Nevertheless, A Feminist Foremother is a valuable volume, providing essays on different aspects of Rokeya. In “A Biographical Essay,” Quayum describes Rokeya's personal life and her setting up of her school in her husband's name. Drawing from Rokeya's letters and essays, he gives a brief but succinct picture of the struggle of this brave Muslim woman to ensure education for Muslim girls. 

 There has been some confusion about Rokeya Sakhawat Hossain's name. In Bangladesh, she is usually referred to as Begum Rokeya – the honorific “Begum” added as a mark of respect. In scholarly essays in English written by Bangladeshis, she is referred to by her first name – in the manner that Rabindranath and Nazrul are. However, there is also a confusion about the English spelling of her name. In an end note, Professor Quayum explains the spelling of Rokeya's name that the book has used – as did his earlier book The Essential Rokeya: Selected Works of Rokeya Sakhawat Hossain 1880-1932. Rokeya herself rarely wrote her full name. In much of her correspondence, she used just her initials: R. S. Hossain. She also occasionally spelled her surname “Hossein.” When she wrote in Bangla, she spelled her first name “Rokeya.” In one letter in English, which is reproduced in Abdul Quadir's book, the name is spelled “Roqyiah Khatun.” Unfortunately, there is a typographical error. The name in the original letter is spelled “Roquiah,” corresponding with the Urdu pronunciation. Though “Rokeya” has become the generally acknowledged spelling, I believe that this should have been corrected in a volume that brings together so many valuable essays on her.

The confusion over the spelling of Rokeya's name is also evident in the naming of a Dhaka University women's hall. In 1964, in recognition of Rokeya's contribution to women's education and emancipation, Dhaka University named the sole women's hall at the time after her. In an attempt to keep to the Urdu pronunciation of her name, the name in English was spelled “Ruqayyah Hall,” not “Rokeya Hall.” The university authorities were not perhaps aware at the time of how she spelled her name in English.  Should the spelling not be changed now?

Several of the essays in the book mark new territory. Thus, Mahua Sarkar  in “Rokeya Sakhawat Hossain and the Gender Debate among Muslim Intellectuals in Late Colonial Bengal,” notes that it is commonly believed that there was little material on Muslim women in the literature of colonial Bengal because very few of them wrote or did anything meriting attention. She refutes this misconception and points out that, by the third quarter of the nineteenth century, middle-class Bengali Muslims were taking to the print media and even writing in Bangla, despite the opposition of the Muslim orthodoxy.
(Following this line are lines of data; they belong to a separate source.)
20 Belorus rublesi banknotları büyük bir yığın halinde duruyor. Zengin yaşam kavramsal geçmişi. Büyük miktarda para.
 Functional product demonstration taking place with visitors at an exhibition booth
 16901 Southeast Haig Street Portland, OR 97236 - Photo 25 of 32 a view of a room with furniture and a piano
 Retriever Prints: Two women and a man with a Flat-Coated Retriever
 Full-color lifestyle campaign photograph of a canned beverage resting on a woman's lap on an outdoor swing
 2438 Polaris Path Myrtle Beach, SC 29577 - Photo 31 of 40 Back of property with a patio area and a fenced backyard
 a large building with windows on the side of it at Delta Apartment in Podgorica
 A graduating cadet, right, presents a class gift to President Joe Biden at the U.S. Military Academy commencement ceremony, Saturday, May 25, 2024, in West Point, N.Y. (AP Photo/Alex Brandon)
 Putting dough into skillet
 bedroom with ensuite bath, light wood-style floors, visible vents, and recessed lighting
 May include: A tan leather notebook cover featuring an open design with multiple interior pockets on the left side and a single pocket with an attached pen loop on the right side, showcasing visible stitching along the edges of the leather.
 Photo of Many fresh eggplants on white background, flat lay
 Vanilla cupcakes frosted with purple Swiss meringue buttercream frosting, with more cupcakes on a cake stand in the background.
She notes the growth of Muslim periodicals that encouraged women to write.  She points out that by the first decade of the twentieth century, many Muslim women in Bengal were writing in both Muslim and Hindu journals. “Their contributions in the form of articles, short stories, poems, autobiographies and travel accounts – all of which went into changing women's roles within the home and outside – have been considerable“ (26). Despite this, she notes, the contributions of Muslim women have been overlooked: “The recorded history of women in pre-Partition Bengal . . .  continues to be overwhelmingly a narrative of the reformist experiments of a small minority of Hindu/Brahmo women, who actively participated in the modernising projects of the new 'liberal' elite” (26).  It is not only Rokeya Sakhawat Hossain's work that must be included, she stresses, but also that of “other Muslim women writers who made significant literary and critical contributions in pre-Partition Bengal”(26).

Both Mohammad A. Quayum's piece, “Inspired by the Bengal Renaissance: Rokeya's Role in the Education and Emancipation of Bengali (Muslim) Women,” and Sarmistha Dutta Gupta's essay, “From Sakhawat Memorial School to Rokeya Hall: A Journey Towards Language as Self-Respect,” explore Rokeya's contribution to education and emancipation, with the latter piece suggesting the far-reaching effects of Rokeya's contribution. Quayum suggests the influence of the Bengal Renaissance on Rokeya as well as the contemporary socio-cultural developments around her. “It is quite possible that had the Renaissance not opened up the environment and made education for women, and Muslim women in particular, acceptable, even if to a minimal degree, the idea of opening up a school for girls and taking up other activities to champion the cause of women, would not have occurred to Rokeya, or to her fellow women educationists and activists, as strongly. In this sense, she took up the mantle from her male counterparts rather efficiently and effectively” (59).

Sarmistha Dutta Gupta notes that, in 1964, the first women's hall of Dhaka University was renamed in Rokeya's honour. Thus, “Bengali women – whether they were from Sakhawat Memorial or not – had formally managed to acknowledge Rokeya as a pioneer in girls' education” (81). But, more importantly, Gupta suggests, the education that Rokeya pioneered paved the way for an emancipation of the mind. She would like “to recognize Rokeya and the Sakhawat Memorial School as precursors of the secular nationalist movement that saw the birth of a new nation in 1971” (81).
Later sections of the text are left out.